When I was a kid, I remember a motivational poster on my dentist's wall that said "You don't have to brush all your teeth -- only the ones you want to keep." That poster really made me think, and brush my teeth! And now that I'm a data-analyst adult, I think I've found an even scarier motivational poster ... graphs showing the percentage of senior citizens who have lost all their natural teeth!
Before we get to the scary data though, here's a picture of my friend Becky's daughter, who pulled her first tooth while performing on-stage in the Sword of Peace outdoor drama. Hopefully once all her permanent teeth come in, she'll keep them for a very long time!
I first saw the seniors' tooth-loss data mapped by Leon Markovitz on dadaviz.com. But Leon used an equal-area map to show the data, and with that kind of map I find it difficult to identify the states I'm interested in.
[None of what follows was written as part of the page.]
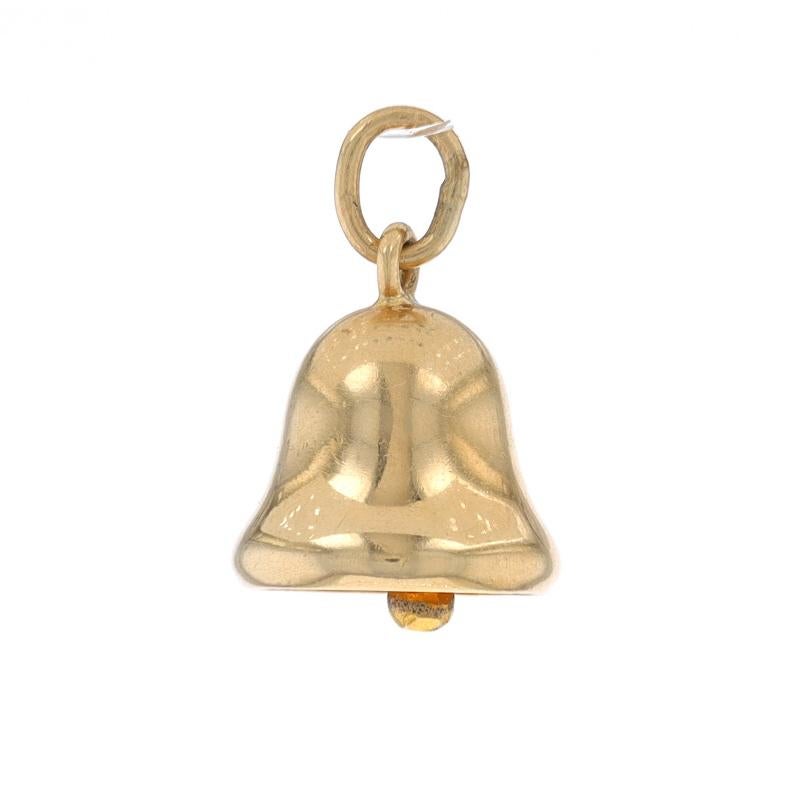 Metal Content: 14k Yellow Gold

Theme: Bell, Instrument
Features: The bell's clapper moves back and forth to produce a soft ringing sound

Measurements

Tall (from stationary bail): 17/32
For example, the states are often not in their correct geographical position (for example, the map shows North Dakota to the west of South Dakota, and Virginia to the west of North Carolina). Here's a screen-capture of his map:
While looking for the actual data values, I found yet another map on the statemaster.com website. This one used a traditional geographical map, but the color ramp they used didn't help me see much about the data. And although the color scale went from bright red to dark green, none of the states in the map seemed to have colors close to either extreme. I found it really difficult to distinguish one shade from another, and intuit the state values. I also didn't really like the layout, with the definition/title way at the top (separated by an advertisement), and the color legend way at the bottom (outside of the map area). Here's a screen-capture of their map:
Now, for *my* graphs!...
I eventually found the source data on the CDC website, imported it into a SAS dataset, and created my own map. I used quantile binning so 1/5 of the states would be in each color range. I picked a diverging color scheme from colorbrewer.org (with 5 colors, red-to-green), and assigned those colors to the map via pattern statements. If you click the image of my map below, you can see the full size version with html hover-text showing the values for each state.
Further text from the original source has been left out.